Ujaran Kebencian dan Islamofobia

Sementara itu, Denny Siregar pernah dilaporkan atas postingan di akun facebooknya yang berjudul “adek2ku Calon Teroris yg Abang Sayang.” Denny juga tercatat pernah dilaporkan terkait pernyataanya melalui video yang beredar di media sosial yang menyinggung pelegalan poligami dalam rencana penyusunan qanun (peraturan daerah) tentang hukum keluarga di Aceh. Sedangkan Ade Armando antara lain tercatat pernah dilaporkan terkait “meme Joker Anies Baswedan” dan perihal “Azan tidak suci.”

Dari tiga aspek dalam SARA, yang cukup dominan menjadi objek laporan adalah cuitan yang menyinggung agama, khususnya agama Islam.  Sebelumnya, kekerasan terhadap simbol-simbol Islam sempat terjadi, baik fisik maupun non- fisik. Ulama yang sedang melakukan pengajian ditikam, masjid dilempari bom molotov, dan bahkan sekadar cadar dan janggut pun dipersoalkan.

Apakah Indonesia menuju islamofobia?  Kita berharap tidak. Namun, mengapa di negeri berpenduduk muslim terbesar di dunia ini, sejumlah orang terlihat semakin terbuka mengolok-olok Islam? Ini tak pernah terjadi (atau sangat jarang terjadi) sebelumnya, kecuali di masa pergerakan dan PKI dulu.
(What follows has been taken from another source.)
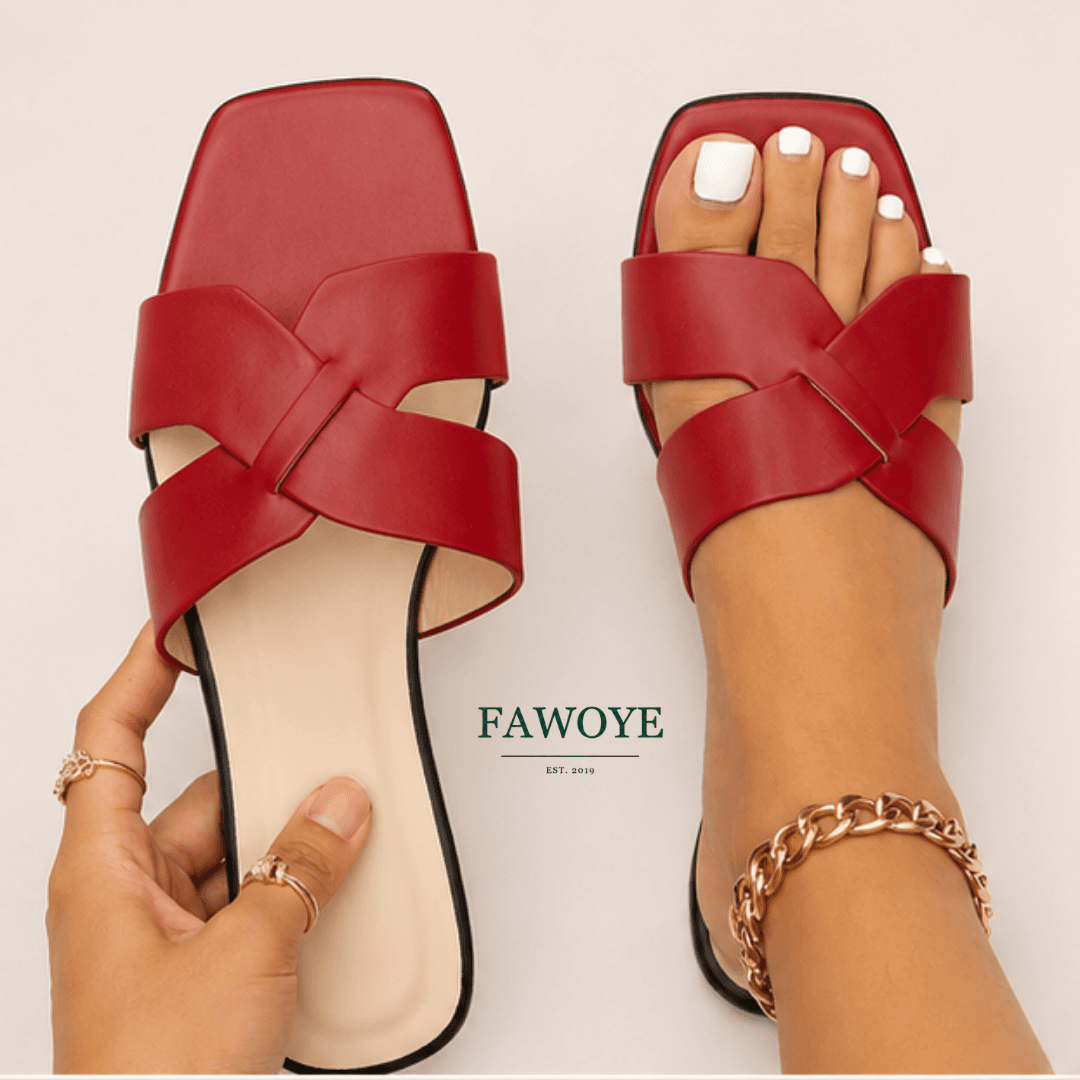 Red cross-strap slides for a colourful casual look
Gerakan atau isu anti Arab, misalnya, pernah menggejala di masa pergerakan sebagaimana dimuat Majalah Berita Nahdlatoel Oelama 1 Januari 1938. Atau, di masa pergolakan PKI, 15 Januari 1965, Ludruk LEKRA (Lembaga Kebudayaan Rakyat – organisasi underbow PKI) membuat pementasan di Prambon (Sidoarjo) dengan lakon “Gusti Allah Dadi Manten” (Allah menjadi Pengantin).

Melemahkan kekuatan Islam sesungguhnya adalah proses melemahkan NKRI. Itulah sebabnya penjajah dan dedengkot PKI selalu berupaya menyasar sumber kekuatan ini. Sebab, sepanjang sejarah perjalanan negeri, umat Islam selalu berada di garda terdepan perjuangan bangsa. Tentu tanpa mengenyampingkan peran dari umat agama lain, saudara sebangsa kita.

Kini, Indonesia telah merdeka dan PKI telah tiada. Namun, entah kenapa agama Islam dan pemeluknya terasa disudutkan. Tidak sedikit stempel yang sifatnya destruktif disematkan di sana-sini. Yang paling popular adalah branding  intoleran dan radikal.

Profesor Australian National University (ANU) Greg Fealy menuding pemerintahan Indonesia di bawah Presiden Joko Widodo represif  terhadap Islam. Pandangan Fealy tertuang di sebuah artikel yang dimuat East Asia Forum pada 27 September 2020. Fealy  menganggap, Jokowi telah melakukan kampanye penindasan sistematis terhadap kaum islamis dalam empat tahun terakhir.